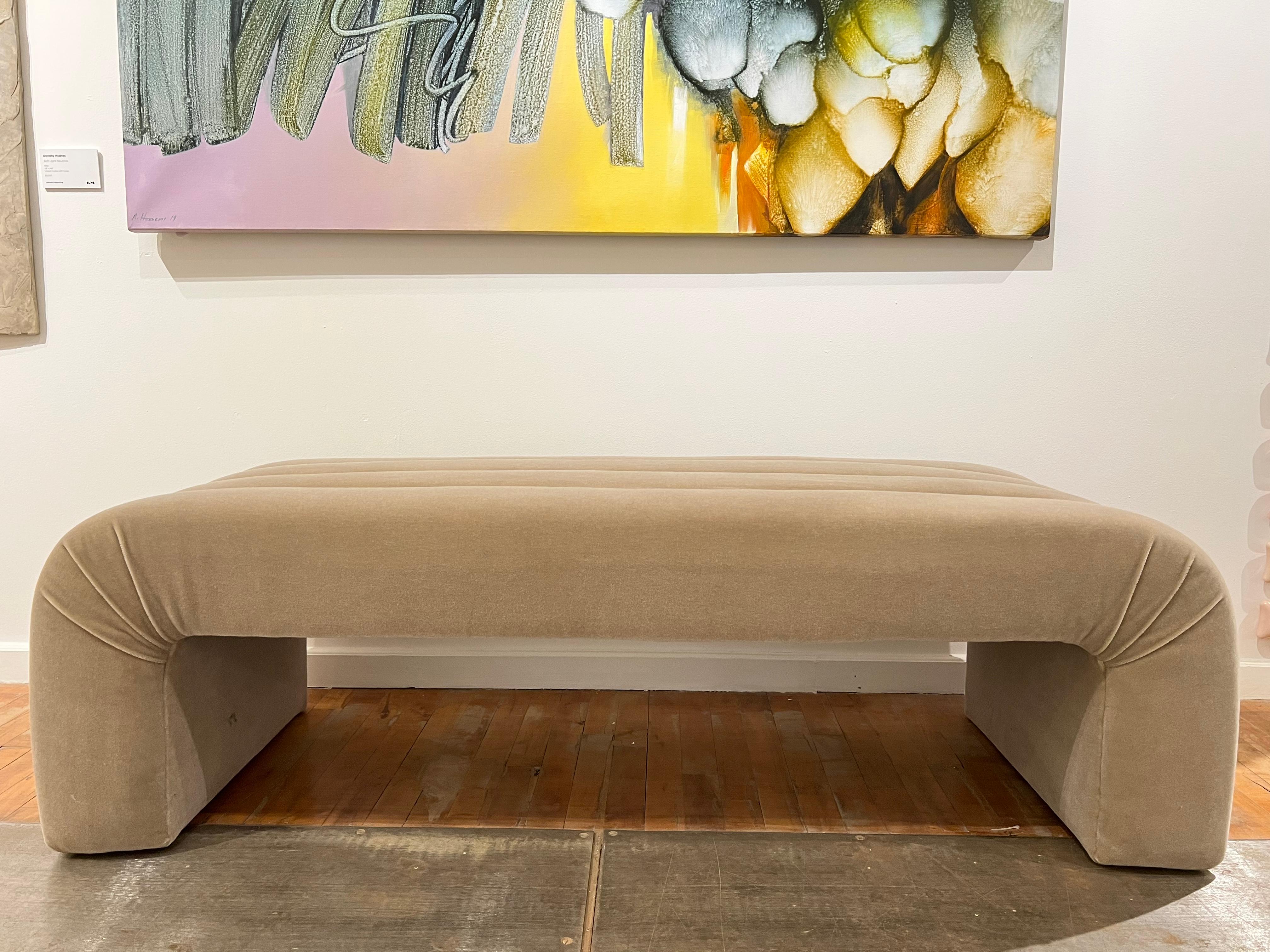 Banc cannelé sur mesure avec rembourrage en mohair.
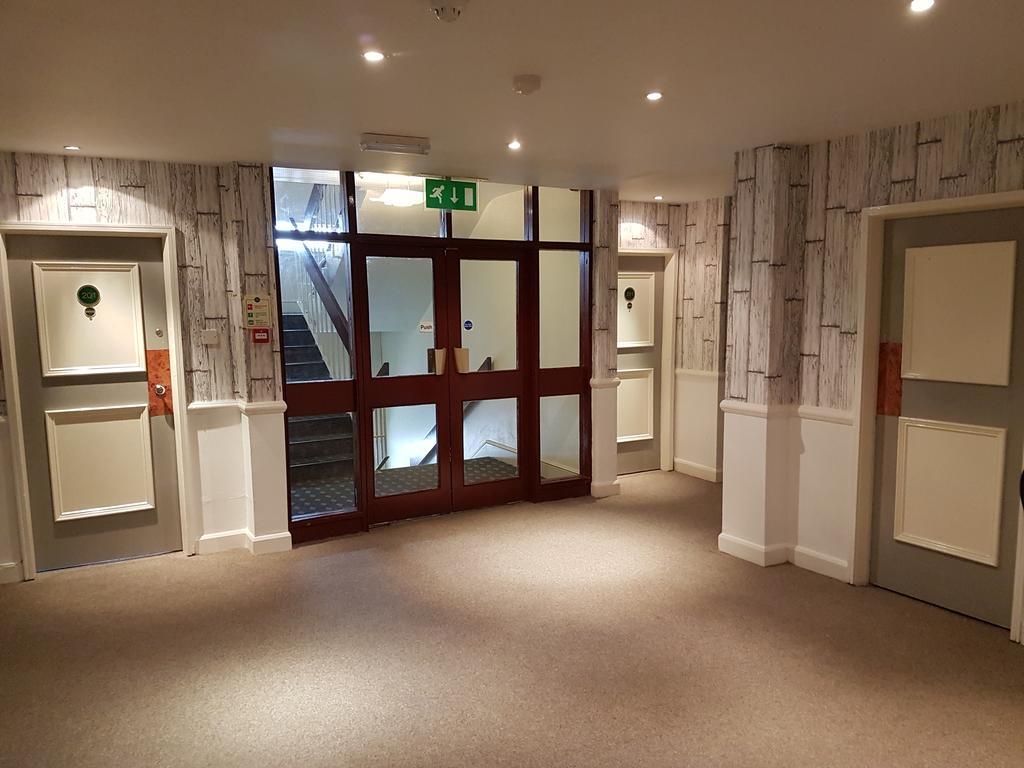 פלקירק Antonine Hotel מראה חיצוני תמונה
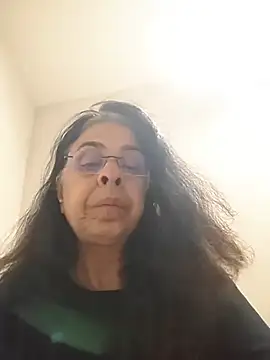 Susannemilf online show from 11-22-25, 04:00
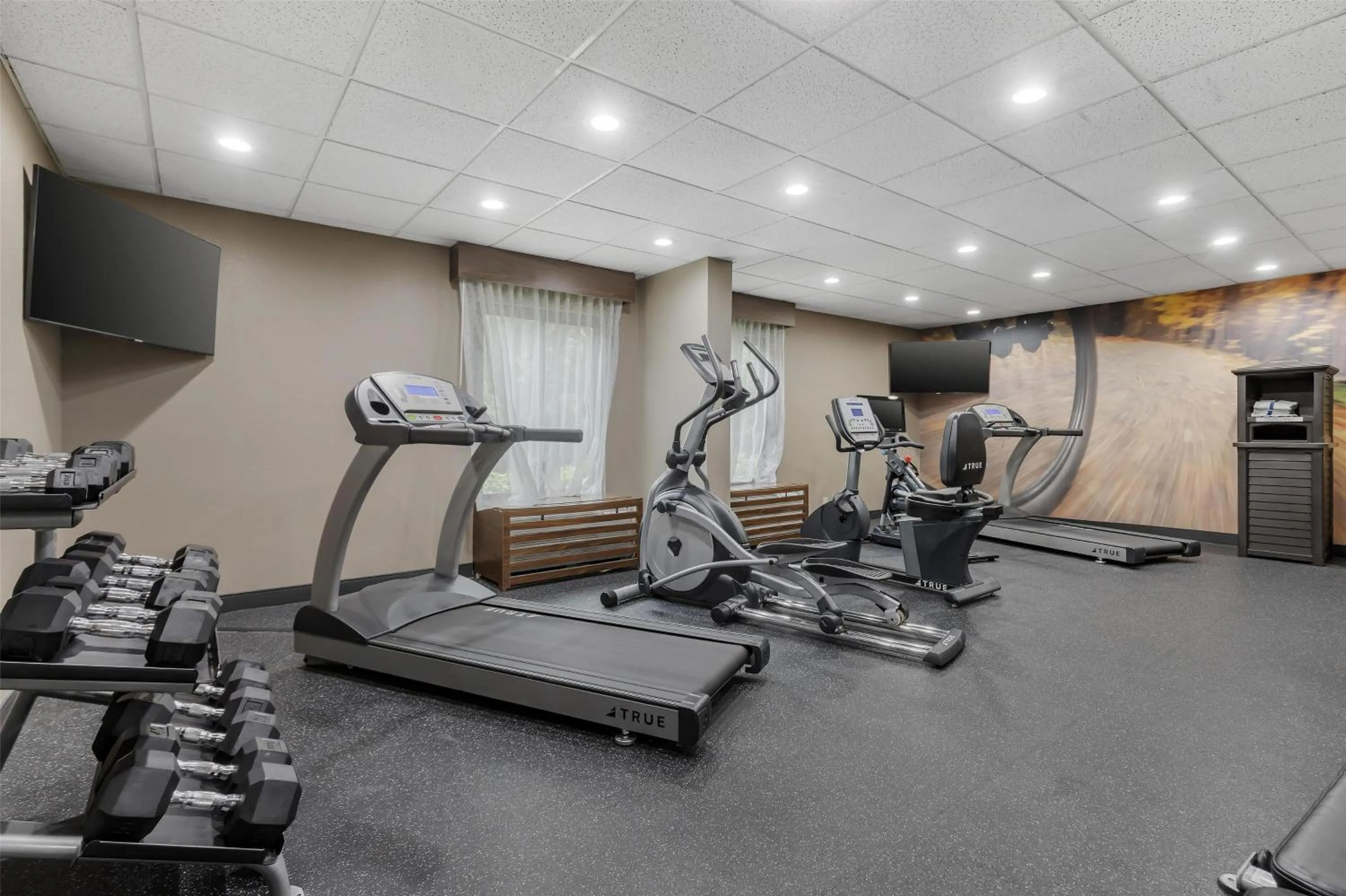Fitness centre/facilities in Best Western Plus Lexington Inn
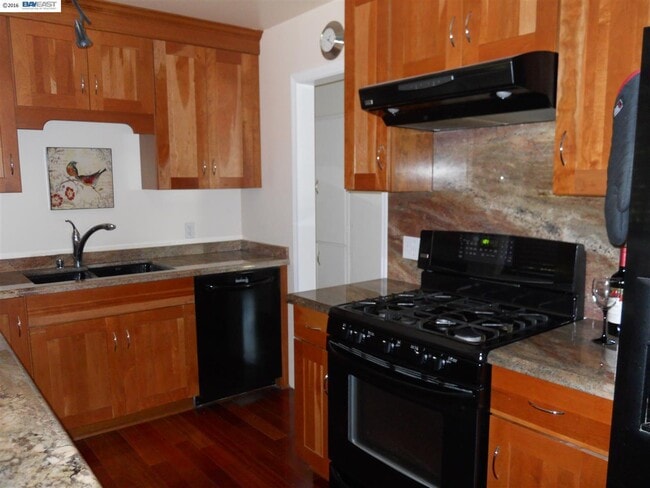 Range - 19358 San Miguel Ave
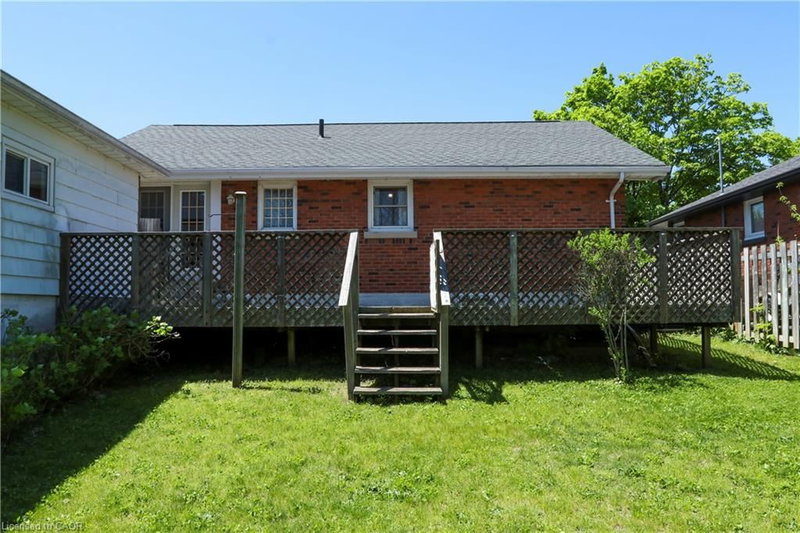 15 Richard Avenue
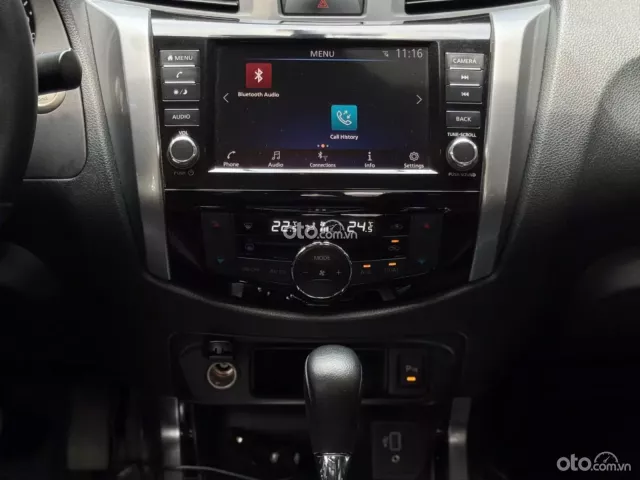 Bán xe bán tải đời 2021, màu xám Titan sang trọng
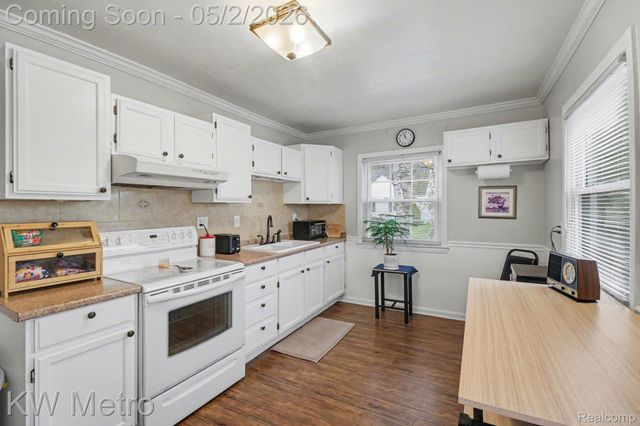 21945 Cyman Avenue, Warren, MI 48091
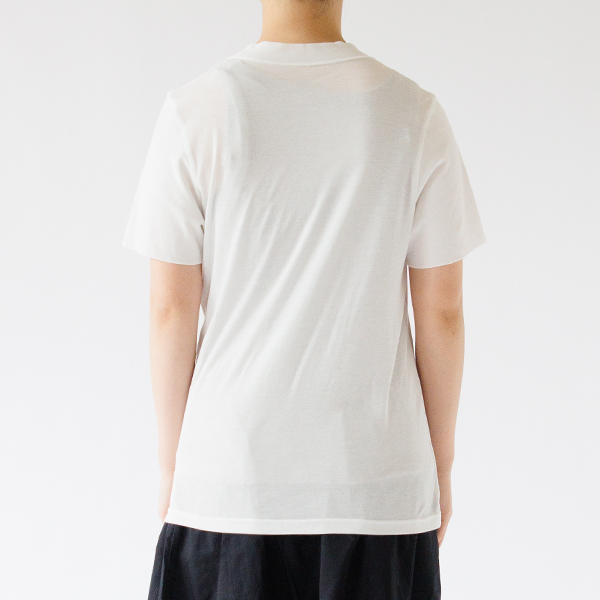 身長163cm・WHITE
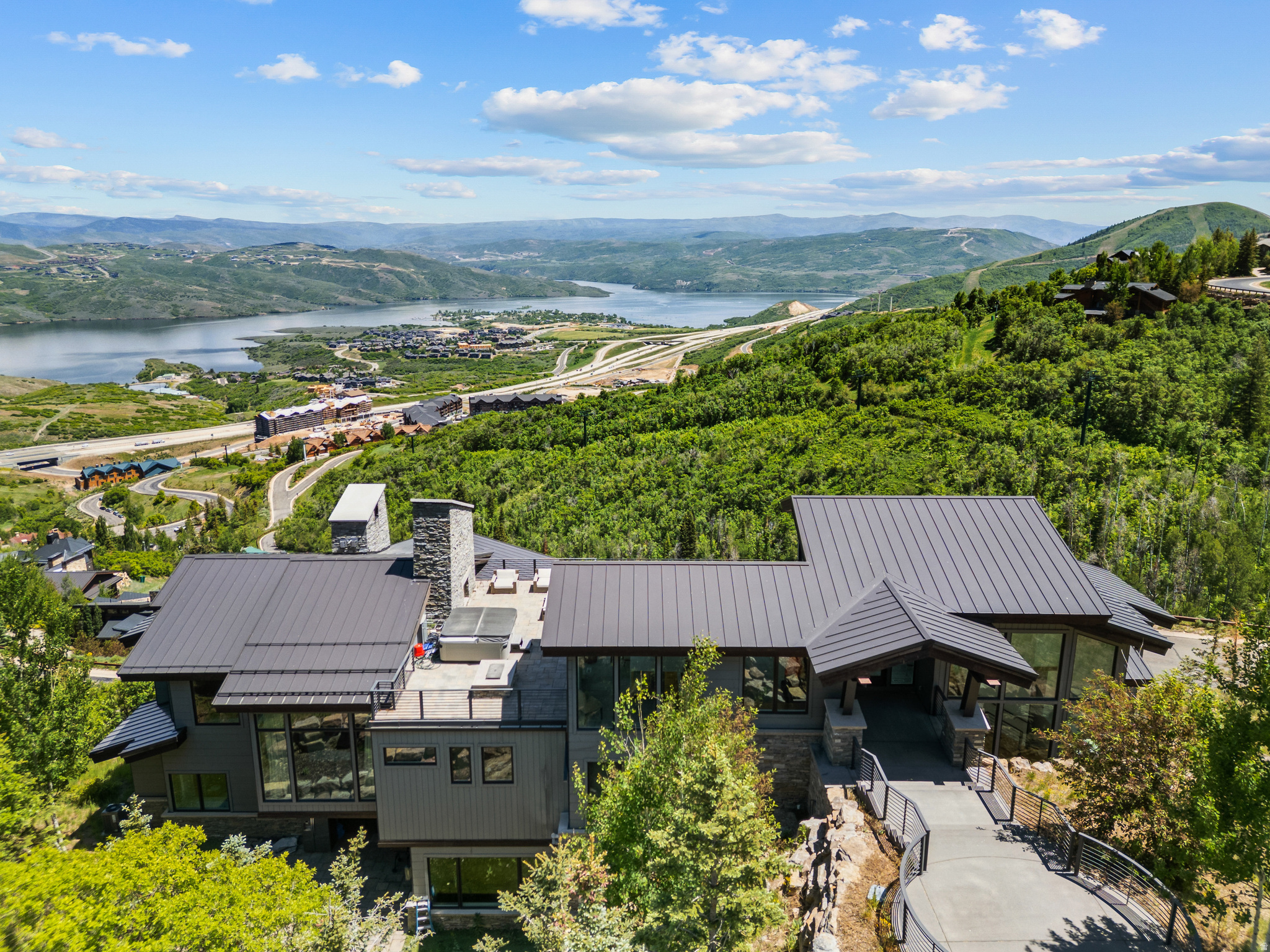 DEER CREST ESTATES - Residential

[WHAT IS EXPECTED] The lines wanted run from the line containing "21945 Cyman Avenue, Warren, MI 48091" through the end of the entries; return them exactly, both ends included, and keep pictures out.

[SOLUTION FOR THIS EXERCISE]
 21945 Cyman Avenue, Warren, MI 48091
 身長163cm・WHITE
 DEER CREST ESTATES - Residential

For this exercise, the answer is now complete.